Upon further investigation, it was revealed that Basson was connected with many of the alleged atrocities committed by the government at the time. In January 1997, the CIA tipped off the South African government that Basson was attempting to flee the country. That same month he was arrested in a sting operation in Pretoria and caught in possession of one thousand Ecstasy pills and four trunks full of secretive documents related to Project Coast. Investigators also found in the trunks suspicious letters from contacts around the world.

One of the more interesting items found at the time of Bassons arrest was a Verkope Lys or sales list (view the list on page 97 of The Rollback of South Africa pdf document) that were believed to contain items produced by RRL purportedly for use as murder weapons. Some of the deadly items mentioned on the list included: cigarettes with anthrax, botulinum laced milk, poisoned whiskey and chocolates. Investigators believed that the list could be the smoking gun they were looking for, connecting the CBW program with the illegal and offensive use of lethal agents.

The discovery of other documents found in Bassons possession led TRC investigators to suspect that he might have been involved in transferring his vast knowledge about South Africas CBW program to other countries such as Iraq and Libya.  Furthermore, it was also suspected that Basson could have traded information he obtained from foreign CBW programs with other governments around the world. Following the arrest, the TRC began an investigation into Project Coast and Basson.

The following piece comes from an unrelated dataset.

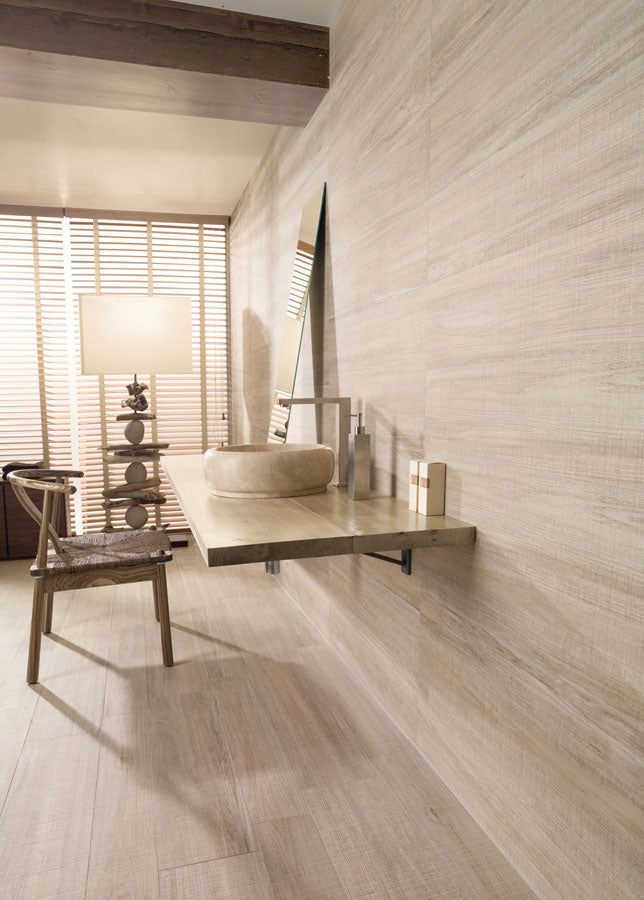 Ambiente con suelo efecto madera Ortisei - Vetonek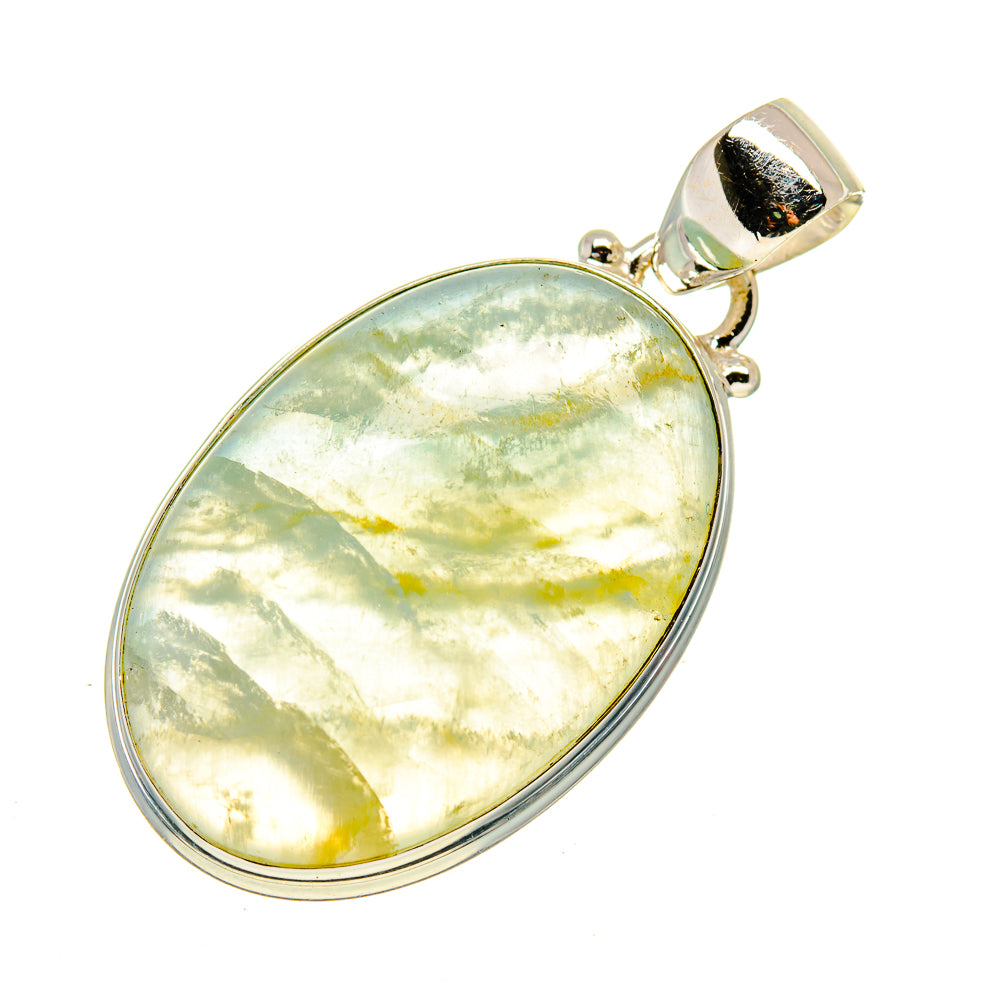 Prehnite Pendants handcrafted by Ana Silver Co - PD748907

In November 1997, the TRC enlisted the help of the Netherlands Institute for Southern Africa (NIZA) to investigate the activities related to Project Coast and those involved in the CBW program, specifically Wouter Basson. A Dutch researcher who worked for the institute, Klaas de Jonge, led the investigation. His report concerning the involvement of South Africas apartheid regime in activities including CBW, hit squads and other operations were listed in The Truth Commission Files and kept highly secret throughout its development. The information obtained by de Jong helped the TRC to build its case against Basson.

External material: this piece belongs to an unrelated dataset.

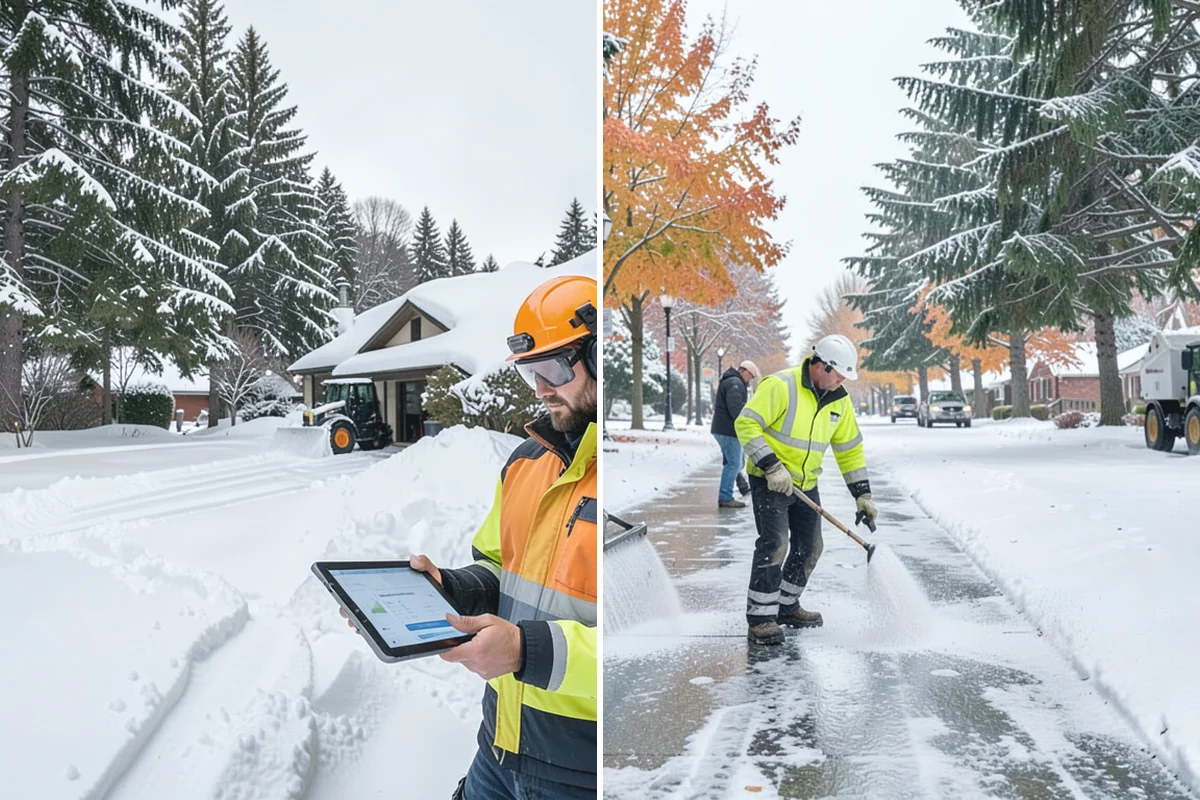 Apartment Snow Removal in Gold Bar, Snohomish County, WA - Map parking, walkways, entries, and stairwells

According to de Jong, those who worked for the apartheid regime were not forthcoming with information concerning the CBW program. Despite the limited cooperation, enough information was obtained through a multitude of other sources, which led to the conclusion that regime operations had one primary goal in mind, the elimination of black opposition and its political allies. Moreover, de Jong suggested that the programs activities led by Basson and his team either directly or indirectly resulted in, at least, a gross violation of human rights, fraud and theft and, at most, mass murder.

During the time the TRC was investigating Basson, he was also being investigated by three other parties including: the Office for Serious Economic Offences (OSEO), The National Intelligence Agency (NIA) and the Gauteng Attorney-Generals Special Investigation Team. There were fears by the other parties that the TRCs case would interfere with the other ongoing cases, which led to a slow down in the Commissions investigation. However, with the help of the OSEO, the TRCs was able to obtain enough vital information that enabled them to continue with legal proceedings against Basson.

On July 31, 1998 after months of wrangling between Bassons attorneys and state representatives, he appeared before the TRC and gave evidence for approximately 12 hours. To the states dismay, very little evidence was actually revealed because much of the questioning was cut short by Bassons attorneys who consistently argued the legal technicalities of the case. Yet, the TRC was able to establish some important facts.

According to a report into the investigation released by the TRC, the Commission learned that Basson was the primary decision maker and coordinator of the activities conducted under Project Coast. Moreover, much of his activities remained unquestioned by his superiors, who repeatedly allocated large sums of money for projects, for which they seemed to have little interest or knowledge. In short, the evidence provided by Basson showed that he virtually had free reign to conduct Project Coast operations as he saw fit. Thus, if charges of illegal conduct were discovered during a trial, Basson would bear the brunt of any sentence imposed.